Но стихами я не увлекаюсь, да и память у меня не настолько хороша, чтобы помнить всё то, что я прочёл – так что не знаю, не знаю… В итоге я решил не грузиться и просто читать этот "опус" вслух, когда становиться худо, а худо становилось всё чаще и чаще. Но, даже бездумно повторяя эти строки, приходилось иногда отвечать на вопрос: а кто их автор? И становилось трудно. Вроде бы Боцман, но кто он такой и давно ли сочиняет стихи? Не знаю…
Выручил меня снова Живоглот, он стал разгонять мою депрессию следующим образом: приходил в камеру во время проверки и спрашивал: "Пахнет ли роза, которую никто не видел?" В первый раз я ничего не ответил (надо же было подумать) и без затей получил кулаком в нос. Из него пошла кровь. На следующий день Живоглот повторил свой вопрос, но я уже был более опытен и быстро ответил: "Да". – "Неправильно" – сказал Живоглот и из моего носа снова потекло красное. На третий день я вытянулся во фронт и бодро отрапортовал: "Нет!" и мой нос из твёрдого состояния вновь перешёл в жидкое. На четвёртый день я гнусаво рявкнул: "Может быть…" и снова получил лекарство в виде нескольких глотков собственной кровушки. Такое лечение быстро стимулирует работу мозга и теперь я-пациент уже не думал, что пребываю в скуке и влачу жалкое существование приговоренного к смерти. Теперь я думал… Наступил пятый – решающий день живоглотской терапии.
– Пахнет ли роза, которую никто не видел? – с порога сразу о главном начал Живоглот.
– А нам пофиг! – заорал я во всё воронье горло.
– Кому это нам? – рявкнул он и в животе его забурлило.

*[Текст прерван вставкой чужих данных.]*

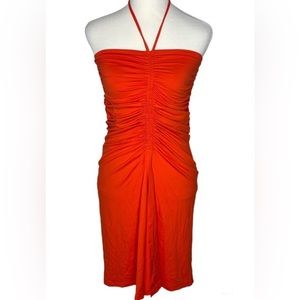 Susana Monaco Revolve halter front slit side ruched Dress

– Да всем! Если роза не смогла никого, даже самого завалящего ботаника привлечь своими роскошными лепестками, чудными тычинками и стройными стебельками, то нам, то есть людям, пчёлам и прочим тварям, которые иногда в своей жизни интересуются цветочками, должно быть пофигу до такой никчемной представительницы флоры!
– Додумался таки! – вынес свой вердикт Живоглот и лишь слегка приложился к моему левому боку. Отчего в нём изнутри что-то закололо. Возможно, во мне рождается ёжик, которого… зато кровь из носа не пошла (нос такому раскладу сильно радовался). И сочинился стих, уже точно мой: "Растопырим свои мы мизинцы, и друг друга за них же возьмём" – я думаю, что ни один из поэтов древности не сочинил его раньше меня. Стих, кстати, про нас с Эльзой, а не про каких-то гипотетических любителей поскрещивать мизинцы. Дело в том, что мы с ней часто гуляли, сцепившись мизинцами и до замужества и после, то есть в ту пору, когда многие семейные пары уже забывают свои "глупые", но такие душевные досвадебные обряды. Когда это было? Давно, ещё до тюрьмы. Какой тюрьмы? Которая сожрала меня и переваривает. Что я есть? Просто мешок костей и отблеск былого духа, который уже не может себя контролировать.
Нет! Азм есть Боцман! И мне не всё по-фиг!